Two years ago we purchased a wireless collar system to keep our dogs safely on our property and off the road. The system consists of a base station and up to two collars. The base station pings the collars via an RF connection at around 2.5Ghz, and distance is measured via time of flight of the RF. If the dog is beyond the programmed range, a beep, and eventually a corrective shock, is given to the dog. Once the dog starts to return the shock stops, so no correction is given for returning home, which is a good feature.
The idea was great, however, implementation is poor. Just after the warranty expired, we started to lose collars. Replacements are $150 each. With the second collar dead, it was time to investigate. Beyond the collars not being sealed from the weather and getting wet, there was something else going on.
Having some background in RF, surface mount electronics, and switching power, I decided to see if the collars could be repaired. After dissection of the collar it became apparent some poor decisions were made.

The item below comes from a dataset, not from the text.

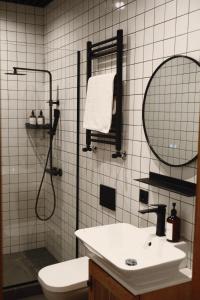 a bathroom with a sink and a toilet and a mirror at Racha Roots Boutique House in Ambrolauri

The hot of the corrective shock is generated on the circuit board and passes to the dog through a wire and electrode. The shock returns to the ground of the circuit board through another electrode. That ground return electrode has a screw in it, which passes through the circuit board. That single screw is the only mount to hold the circuit board down. It is only accessible under the RF shielding for the 2.5Ghz radio circuit. Within 12mills (.012-inches) of the screw head are a bunch of passive components all attached directly to the RF IC chip. No thread-locking compound is applied to this screw.
The scenario became clear in my mind. As the dog runs around, the circuit board loosens the screw over time. When this happens the ground return is intermittent and the screw head touches the components coming directly from the RF IC. Basically, all of the high voltage goes through the sensitive RF transceiver, destroying it. Just a plain old horrible design.